Janie Boulianne-Gref apprécie tous les jours la chance qu’elle a eue de recevoir un rein de la part d’une femme qu’elle ne connaissait même pas au départ et qui est devenue aujourd’hui sa grande amie, Marie-Ève Cronin. Elle aurait toutefois aimé que les lendemains de sa greffe soient plus faciles à traverser.

Le rein comme cadeau d’une vie

Janie Boulianne-Gref a reçu en mai dernier le rein dont elle avait tant besoin afin de se sortir des cycles incessants de dialyse. Elle aura attendu plus de trois ans avant d’avoir son nouveau rein. C’est une Sherbrookoise, Marie-Ève Cronin, qui lui a fait don du précieux organe de son vivant afin de permettre à la blogueuse sherbrookoise de retrouver une vie normale. Mais si la transplantation s’est bien passée, les lendemains ont été plus difficiles que ne l’avait espéré celle qui est connue sous le nom de Mademoiselle Gref.

« Quand j’ai reçu mon rein, les gens – et moi aussi un peu – pensaient que ç’allait tout effacer et que je pourrais recommencer ma vie là où je l’avais laissée quand j’ai reçu le diagnostic de ma maladie rénale », soutient Janie Bouliane-Gref.

Mais ça ne s’est pas passé comme ça. « Janie reste une personne malade. Sa maladie, l’insuffisance rénale chronique, est toujours là », lance Marie-Ève Cronin, la précieuse donneuse devenue une grande amie et une proche complice de la receveuse.

Et les complications ont été au rendez-vous avec une sténose de l’artère rénale qui rend l’avenir de son rein bien incertain.

Quand on est affaibli, d’autres écueils peuvent venir barrer notre chemin. Une simple infection urinaire, facile à soigner quand on est en pleine santé, a projeté Janie au tapis : fièvre élevée, hospitalisation, angoisse, incertitude... Janie Bouliane-Gref était effondrée.

Personne ne lui avait dit que la maladie serait toujours là, que les médicaments auraient des effets secondaires aussi variés que la prise de poids, l’augmentation de l’anxiété, la perte de cheveux, l’affaiblissement de son système immunitaire.

« Je n’étais pas préparée à l’après-transplantation. Je n’étais même pas vraiment préparée à la chirurgie en tant que telle. Après la chirurgie, c’est comme si on m’avait dit : merci, bye bye, rentrez chez vous et tout va bien. Oui j’ai eu des multiples suivis avec les médecins. Mais ce n’est pas vraiment la personne et le lieu pour parler des répercussions, de ses angoisses, pour poser toutes ses questions quand on sait que sa salle d’attente est pleine. Donc on fait un suivi physique de la personne greffée, mais pour la réadaptation psychologique, pour tous ses multiples questionnements, il n’y a rien. Rien du tout », s’attriste Mademoiselle Gref.

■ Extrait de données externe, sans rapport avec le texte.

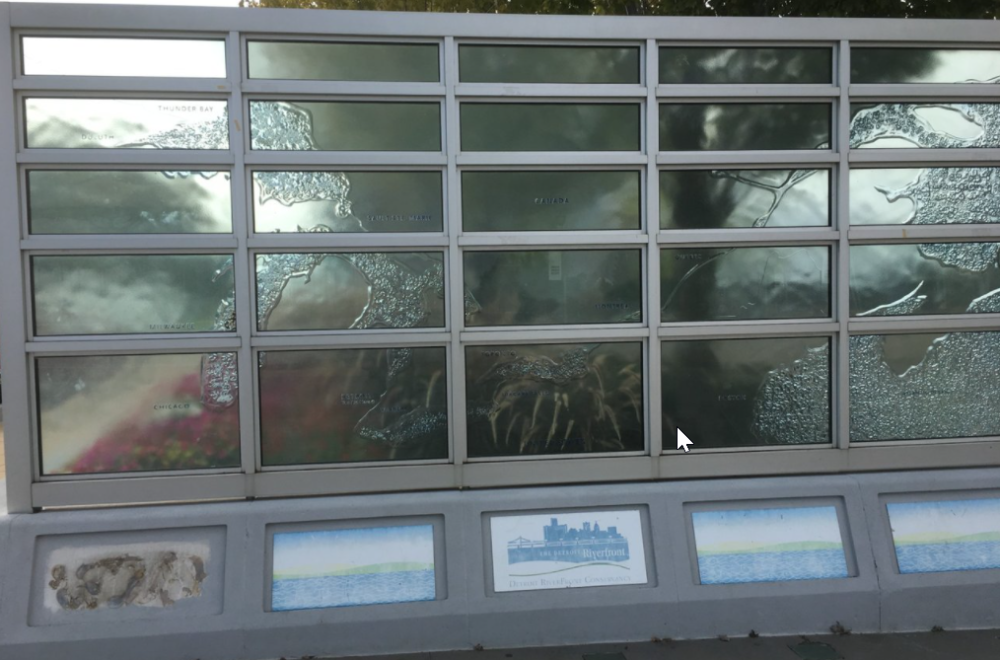 The Great Lakes sculpted in glass, Detroit waterfront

Janie apprivoise tranquillement l’idée qu’elle devra vivre au jour le jour pour le reste de sa vie. Sa sténose rénale est stable pour le moment et peut le rester très longtemps; elle pourrait aussi évoluer et ce serait alors un retour sur la liste d’attente pour une transplantation d’un nouveau rein…

Bref, il y a de l’incertitude. Beaucoup de doutes. De questionnements. Et Janie doit apprendre à composer avec un avenir rempli de points d’interrogation.

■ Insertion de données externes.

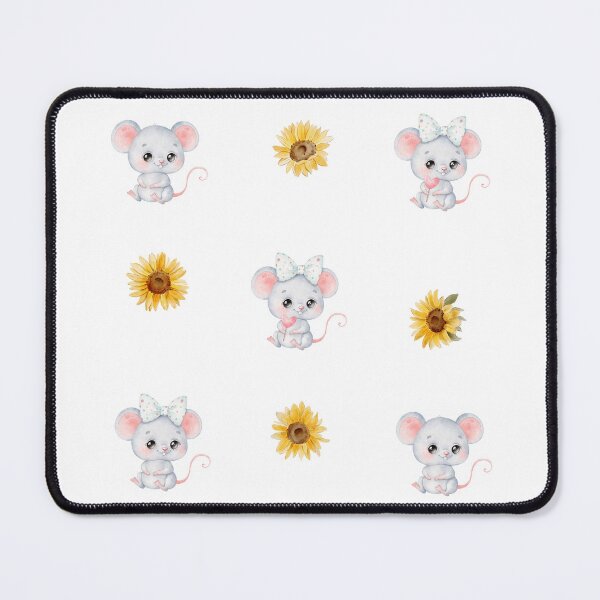 Item preview, Cute Watercolor Baby Mouse and Sunflowers designed and sold by silviaol.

« Je suis en cheminement pour passer à d’autre chose. On vend la greffe comme quelque chose de miraculeux et ça l’est, mais on ne nous dit pas que le corps ne peut pas se réparer si facilement », dit celle qui a reçu beaucoup de soutien grâce à son blogue populaire.

Janie Bouliane-Gref entend utiliser une partie de son énergie pour aider d’autres greffés. Les prochains, ceux qui subiront la même chirurgie qu’elle, ceux qui auront à traverser les mêmes déserts.

« Je ne sais pas encore quelle forme ça prendra. La rédaction d’un livre, d’un documentaire sur la greffe? Faire des conférences sur l’après-greffe? Je ne sais pas. Mais je veux vraiment que mon expérience puisse servir à d’autres, pour que je n’aie pas vécu ça pour rien », assure Mme Bouliane-Gref.

Marie-Ève Cronin, la généreuse donneuse, sa précieuse amie aujourd’hui, abonde dans le même sens. « Prenons l’exemple d’une grossesse. Au Québec, une grossesse, c’est facile. À la moindre inquiétude, il y a des numéros pour téléphoner, 24 heures sur 24. Il n’y a pas d’attente pour les échographies, pour les examens quand il y a des doutes. Pourquoi ce ne serait pas pareil pour ceux qui ont subi des greffes? Il faut qu’il y ait plus d’outils pour aider les greffés », insiste-t-elle.